Based on the experiences of other coalition-based societies, the section in my book, Coalition Country, titled Three Futures, introduces three scenarios of what it could mean in practice when coalitions become the norm in South Africa, although they are not the only possibilities.

By definition, one of the core features of coalition-based polities is that they are much more unpredictable than countries dominated by only one or two political parties. It is plainly impossible to envisage all the different potential permutations that await South Africa.

Looking across the country’s 226 local municipalities, 44 district municipalities, eight metropolitan municipalities and nine provinces, it is likely that there will soon be dozens of different political combinations in charge of local, municipal and national governments. As politics becomes more competitive, the influence of independent candidates, especially in municipalities, will become yet another important factor that introduces even more uncertainty.

It goes far beyond the scope of this book to examine every possible coalition combination across South Africa’s 288 different elected governments (278 municipalities, nine provinces and one national).
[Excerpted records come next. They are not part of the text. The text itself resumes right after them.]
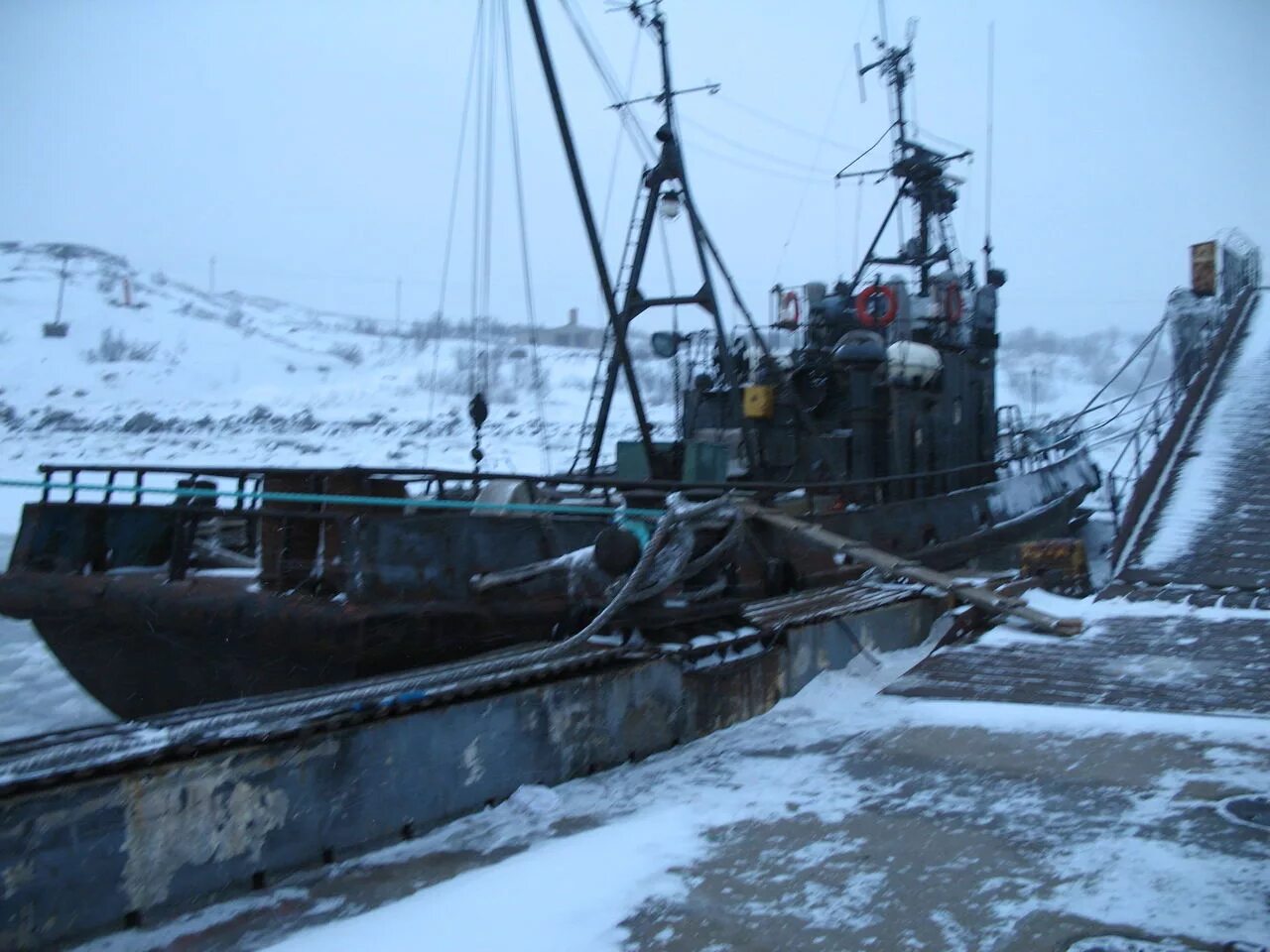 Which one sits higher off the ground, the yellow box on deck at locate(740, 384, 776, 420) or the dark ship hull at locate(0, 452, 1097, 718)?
the yellow box on deck at locate(740, 384, 776, 420)

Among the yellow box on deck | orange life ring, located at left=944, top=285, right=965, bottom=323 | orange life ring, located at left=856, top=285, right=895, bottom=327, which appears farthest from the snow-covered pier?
orange life ring, located at left=944, top=285, right=965, bottom=323

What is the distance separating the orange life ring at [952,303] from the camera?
1473cm

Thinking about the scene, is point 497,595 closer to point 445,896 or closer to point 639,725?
point 639,725

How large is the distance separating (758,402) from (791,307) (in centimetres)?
375

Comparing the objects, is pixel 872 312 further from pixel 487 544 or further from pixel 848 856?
pixel 848 856

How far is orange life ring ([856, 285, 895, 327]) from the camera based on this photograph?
44.8 feet

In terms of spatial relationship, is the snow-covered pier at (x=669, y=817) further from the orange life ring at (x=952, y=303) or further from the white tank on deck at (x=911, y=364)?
the orange life ring at (x=952, y=303)

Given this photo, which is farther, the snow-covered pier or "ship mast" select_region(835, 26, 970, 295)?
"ship mast" select_region(835, 26, 970, 295)

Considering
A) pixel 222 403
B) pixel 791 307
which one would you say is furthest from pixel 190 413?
pixel 791 307

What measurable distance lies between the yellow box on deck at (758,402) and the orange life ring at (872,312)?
258 cm

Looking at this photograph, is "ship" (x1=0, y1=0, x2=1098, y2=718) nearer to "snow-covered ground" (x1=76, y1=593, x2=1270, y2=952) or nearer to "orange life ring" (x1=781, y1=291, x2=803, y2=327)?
"snow-covered ground" (x1=76, y1=593, x2=1270, y2=952)

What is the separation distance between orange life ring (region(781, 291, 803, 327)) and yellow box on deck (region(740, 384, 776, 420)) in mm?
3401

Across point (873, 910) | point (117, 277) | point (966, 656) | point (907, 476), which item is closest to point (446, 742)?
point (873, 910)

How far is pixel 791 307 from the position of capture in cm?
1516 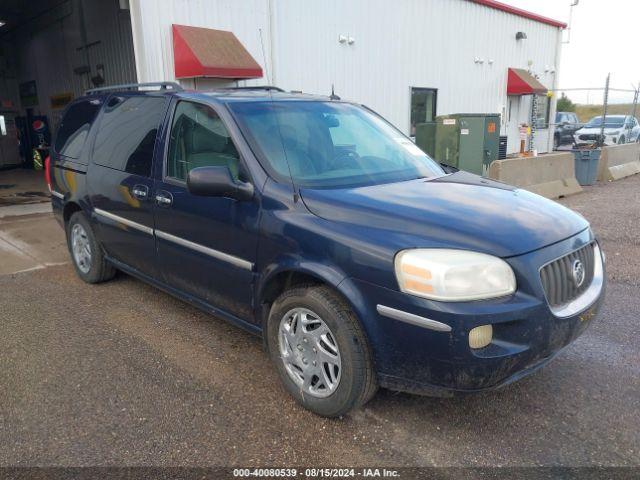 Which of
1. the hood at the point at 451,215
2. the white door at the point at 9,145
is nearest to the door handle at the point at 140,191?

Instead, we will stick to the national level, with each of the scenarios only briefly touching on some of the potential effects at the subnational level. (If the ANC does indeed lose Gauteng in 2019, the quest to build a coalition government in that province will be the most vivid example of how the challenges outlined in the three national-level scenarios are also relevant to the provinces and municipalities.)

Even if we largely focus on the national level, predicting how a government will be constituted is about to get exponentially more complex. Previously, as soon as national election results were announced, South Africans immediately knew who their next president would be. But, once the ANC vote drops below 50%, citizens will need to wait for up to 30 days to find out who will become the next president (the Constitution allows up to 30 days for the National Assembly to elect one of its members as president).

The 30 days following the 2019 election could be one of the most decisive periods since 1994. With ANC support below 50%, political parties would need to use these 30 days to cobble together a coalition to take over the national government. Based on the electoral trends outlined in part one of this book, there would likely be only three potentially realistic outcomes.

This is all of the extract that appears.